— EXERCISE DESCRIPTION —
Only one stretch of the data below is wanted: the lines starting at the one with "Studio Party (detail;" and ending at the one with "Skirt in black polyester - Image 2", both included, given again exactly.

##### INPUT DATA #####

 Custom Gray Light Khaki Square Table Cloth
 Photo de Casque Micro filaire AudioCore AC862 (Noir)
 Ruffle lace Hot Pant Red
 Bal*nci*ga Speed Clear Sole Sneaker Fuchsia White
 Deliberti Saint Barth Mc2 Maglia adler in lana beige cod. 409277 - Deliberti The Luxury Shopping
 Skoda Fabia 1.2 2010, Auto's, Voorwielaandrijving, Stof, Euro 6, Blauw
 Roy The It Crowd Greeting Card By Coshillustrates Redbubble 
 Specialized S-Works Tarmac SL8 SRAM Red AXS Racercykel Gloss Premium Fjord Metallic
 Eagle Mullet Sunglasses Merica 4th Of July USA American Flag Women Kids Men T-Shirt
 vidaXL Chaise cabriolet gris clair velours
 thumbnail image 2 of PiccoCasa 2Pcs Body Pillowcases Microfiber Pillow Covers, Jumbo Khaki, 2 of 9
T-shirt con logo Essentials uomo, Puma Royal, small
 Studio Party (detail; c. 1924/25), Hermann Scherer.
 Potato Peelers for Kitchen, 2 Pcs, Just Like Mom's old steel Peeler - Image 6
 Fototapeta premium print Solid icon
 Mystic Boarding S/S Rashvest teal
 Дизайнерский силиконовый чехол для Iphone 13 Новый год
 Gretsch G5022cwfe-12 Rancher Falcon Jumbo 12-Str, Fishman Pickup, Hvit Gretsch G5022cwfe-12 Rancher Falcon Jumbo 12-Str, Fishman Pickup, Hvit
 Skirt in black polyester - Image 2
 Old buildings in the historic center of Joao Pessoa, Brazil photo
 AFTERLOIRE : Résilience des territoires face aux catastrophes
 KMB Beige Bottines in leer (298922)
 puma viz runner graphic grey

#####

— ANSWER FOR THIS EXERCISE —
 Studio Party (detail; c. 1924/25), Hermann Scherer.
 Potato Peelers for Kitchen, 2 Pcs, Just Like Mom's old steel Peeler - Image 6
 Fototapeta premium print Solid icon
 Mystic Boarding S/S Rashvest teal
 Дизайнерский силиконовый чехол для Iphone 13 Новый год
 Gretsch G5022cwfe-12 Rancher Falcon Jumbo 12-Str, Fishman Pickup, Hvit Gretsch G5022cwfe-12 Rancher Falcon Jumbo 12-Str, Fishman Pickup, Hvit
 Skirt in black polyester - Image 2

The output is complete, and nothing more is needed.